## Your goal
With the pictures excluded, reproduce all of the data exactly.

## Supplied information
----

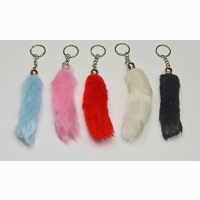 Fox brush, keyring, 6 assorted, 12 pieces on card, 10 cm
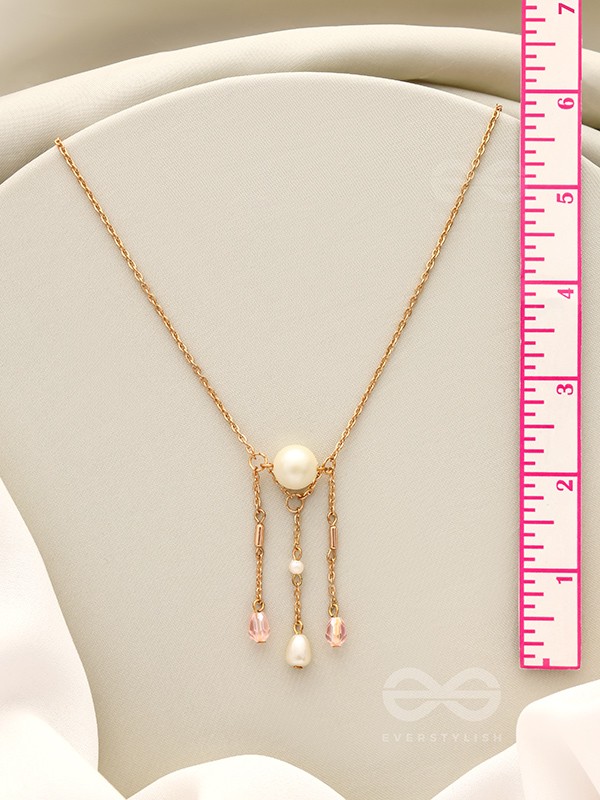 Over The Moon- Golden Pearl And Beads Necklace With Anti-Tarnish Coating 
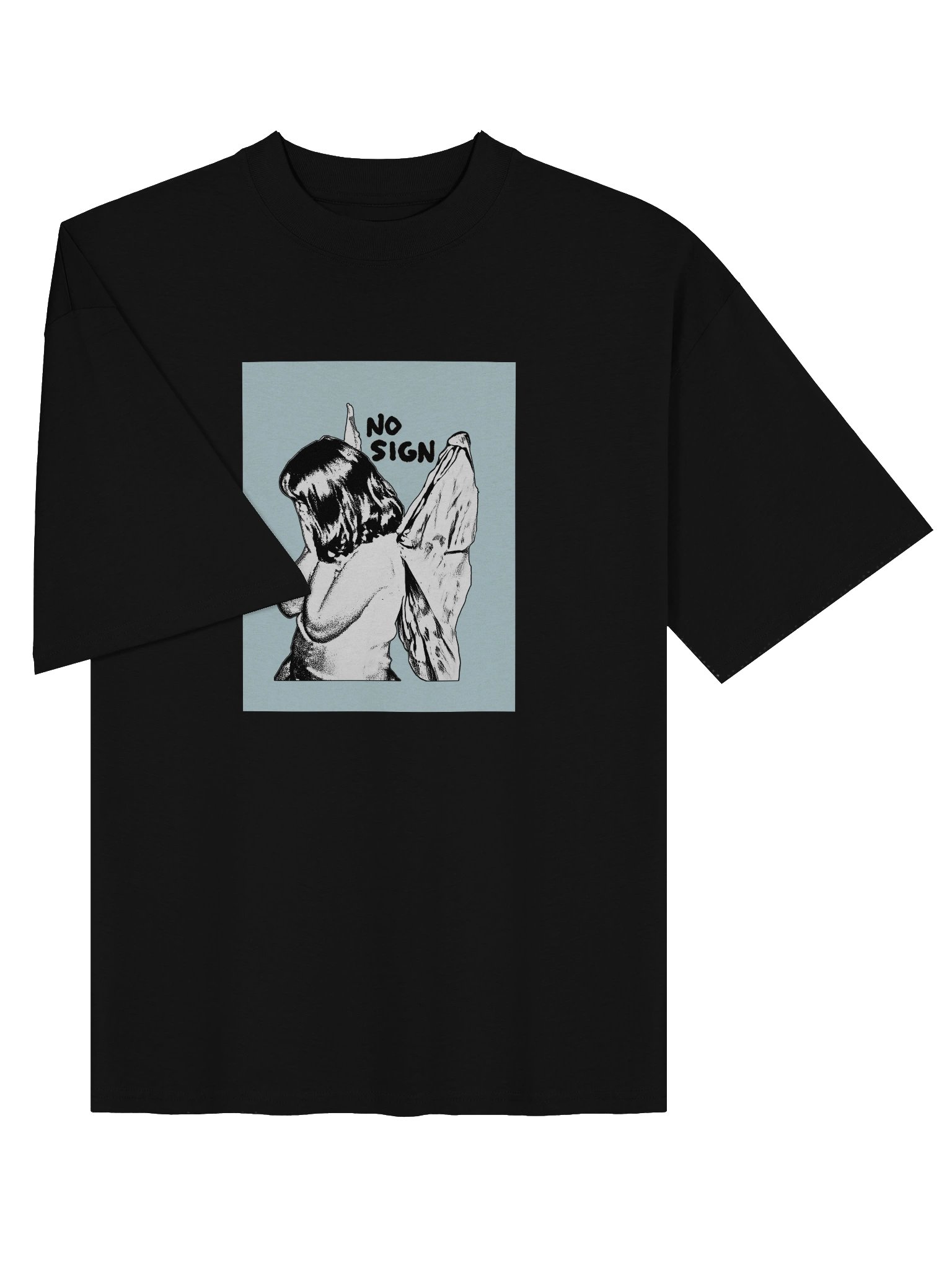 "NO SIGN" blue unisex boxy tee product image (5)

----

## Result of the task
 Fox brush, keyring, 6 assorted, 12 pieces on card, 10 cm
 Over The Moon- Golden Pearl And Beads Necklace With Anti-Tarnish Coating 
 "NO SIGN" blue unisex boxy tee product image (5)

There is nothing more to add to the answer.